A data.frame object containing the needed time-to-event data in standard format. Can also be a mids object created with the mice package. See details for how this works.

variable

A character string specifying the variable by which the cumulative incidence functions should be grouped. Must be a valid column name of data. The variable specified should needs to be a factor variable.

ev_time

A character string specifying the variable indicating the time-to-event or time-to-censoring. Must be a valid column name of data.

event

A character string specifying the numeric event indicator. The censoring indicator should be coded as 0 and all other events of interest as 1, 2, etc. Must be a valid column name of data.

cause

The cause of interest for which the cumulative incidence functions should be estimated. Should be a number that appears in the event column of data.

method

A character string specifying the adjustment method to use. Case sensitive. See details.

conf_int

A logical variable, indicating whether the asymptotic variances and confidence intervals of the cumulative incidence should be estimated. Not available for all methods. More information can be found in the documentation of each method. For an alternative way to get confidence intervals, see the bootstrap argument.

conf_level

A number specifying the confidence level of asymptotic and/or bootstrap confidence intervals.

times

A numeric vector of time points at which the cumulative incidences should be estimated or NULL. If NULL the cumulative incidence is estimated at all points in time at which any event occurred in the pooled sample.

bootstrap

A logical variable indicating whether bootstrapping should be performed or not. In bootstrapping, a number of simple random samples with replacement of size nrow(data) are drawn from data. For each sample the calculations are repeated and used to estimate standard errors and confidence intervals. This can be used to obtain confidence intervals when asymptotic variance calculations are not available.

n_boot

Number of bootstrap replications to perform.

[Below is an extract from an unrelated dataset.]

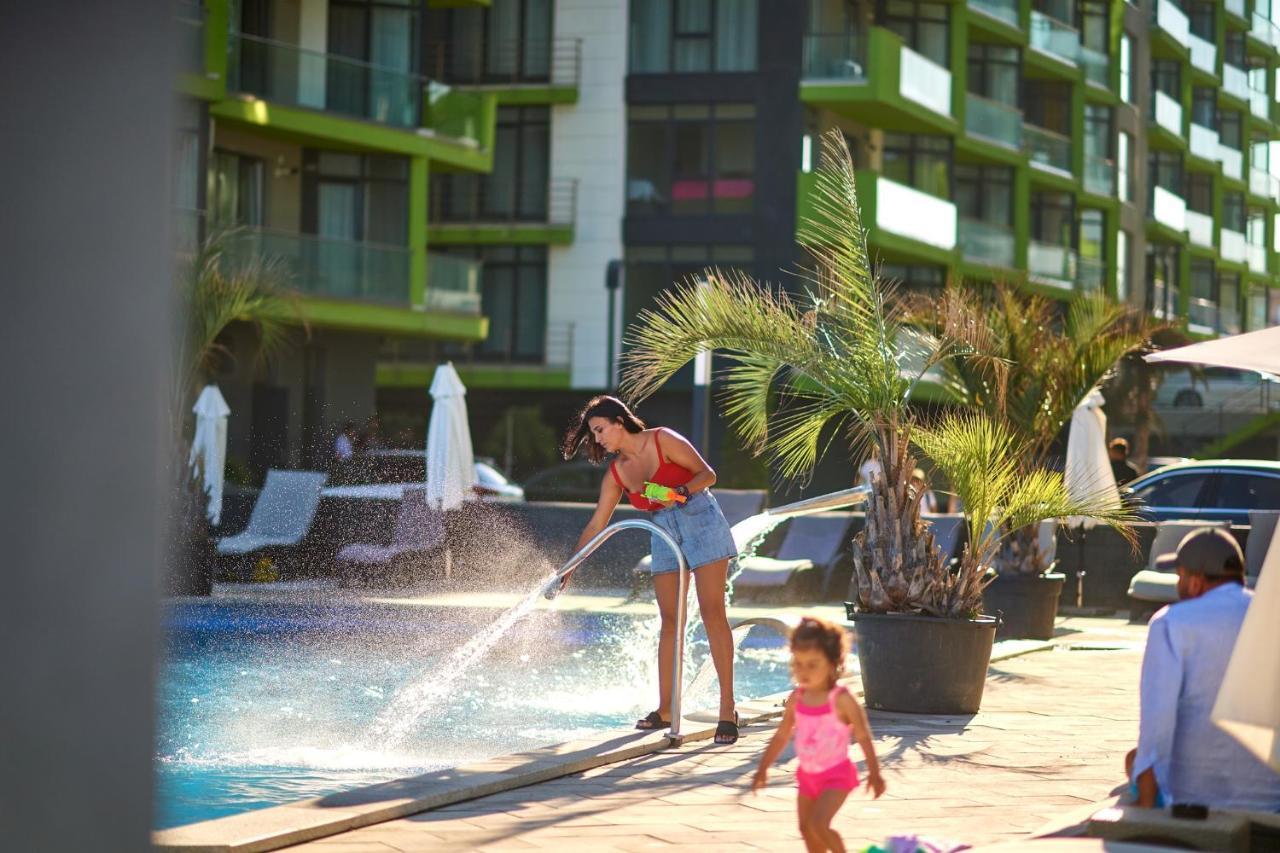 Cristalex Aparthotel & Spa Mamaia Nord Năvodari Kültér fotó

Ignored if bootstrap is FALSE.

n_cores

The number of cores to use when calculating bootstrap estimates. Ignored if bootstrap=FALSE. Is set to 1 by default, resulting in single threaded processing. Internally uses the doParallel package if n_cores > 1. In that case it also uses the doRNG package to make the results replicable. See ?doRNG and ?doParallel for more details. Using multiple cores will speed up the calculation considerably in most cases.

na.action

How missing values should be handled. Can be one of: na.fail, na.omit, na.pass or na.exclude. Also accepts strings of the function names. See ?na.action for more details. By default it uses the na.action which is set in the global options by the respective user.

clean_data

If TRUE all columns which are not needed for the estimation are removed from data before any further calculations are performed. This ensures that calls to na.omit (see argument na.action) do not remove rows which are fully observed in respect to relevant columns due to missing values in irrelevant columns. Set to FALSE to skip this step. Usually this argument can be ignored. When using non-standard outcome models however it should be set to FALSE.

iso_reg

Either TRUE or FALSE (default), controlling whether isotonic regression is performed on the resulting failure probability estimates. This can be used to ensure that the CIFs are non-decreasing. Since only a few methods may exhibit this problem, this argument is only relevant for some methods (see method specific documentation).

force_bounds

Either TRUE or FALSE (default), controlling whether the resulting failure probability estimates should be forced to lie between 0 and 1. If TRUE and there are values higher than 1, they are simply set to 1. Values lower than 0 are similarly set to 0. Since only a few methods may exhibit this problem, this argument is only relevant for some methods (see method specific documentation).

mi_extrapolation

Whether to allow extrapolation due to imputed survival times or not. This argument is only relevant when using multiply imputed data with missing covariates in variable, ev_time or event. Depending on the algorithm used to obtain the imputed datasets, it may be possible that one or more imputed datasets contain survival times in a group that are larger than the maximum observed survival time in that group. This may lead to unwanted extrapolation (e.g. the survival curves extending further than they should). By keeping this argument at FALSE, these times are removed from the output. If set to TRUE, all available estimates will be used.

...

Further arguments passed to the respective cif_method. For example when using method="direct" all further arguments are passed to the cif_direct function. See details.

Details

The primary purpose of the adjustedcif function is to provide a convenient way to estimate confounder-adjusted cumulative incidence functions using any of the methods provided in the literature. A plot method is provided to graphically display the estimated cumulative incidence functions as well. Currently the following methods can be used:

  • "direct": Direct Standardization based on a model describing the outcome mechanism (CSC, FGR, ..).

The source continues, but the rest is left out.